(RECORDS PROVIDED)
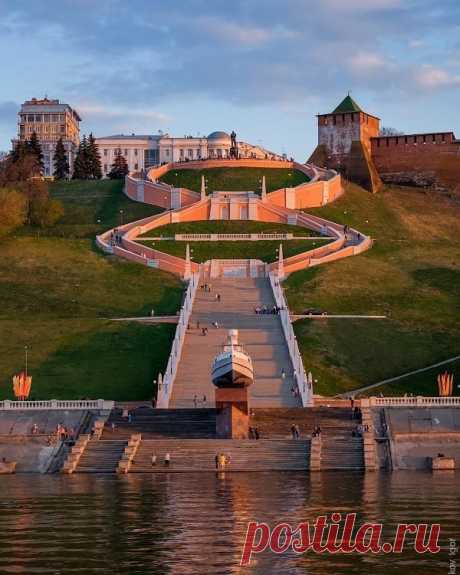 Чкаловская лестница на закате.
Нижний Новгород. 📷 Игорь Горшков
...
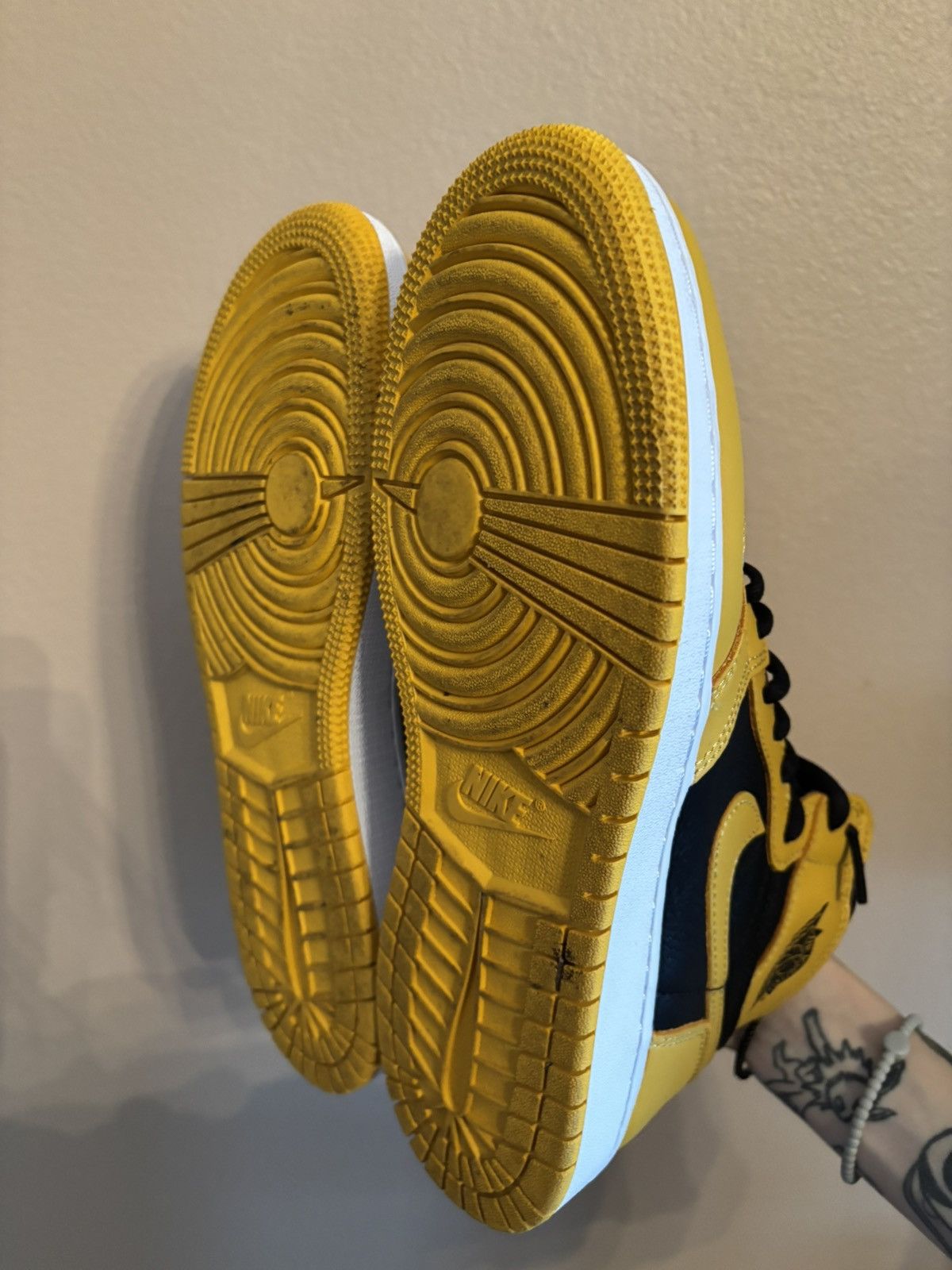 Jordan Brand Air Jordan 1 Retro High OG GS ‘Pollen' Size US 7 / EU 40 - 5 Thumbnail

(YOUR TASK) Look above for the line holding "Чкаловская лестница на закате." and output everything from it down to the line holding "Нижний Новгород. 📷 Игорь Горшков", both ends included, exactly and without images.

(RESPONSE)
 Чкаловская лестница на закате.
Нижний Новгород. 📷 Игорь Горшков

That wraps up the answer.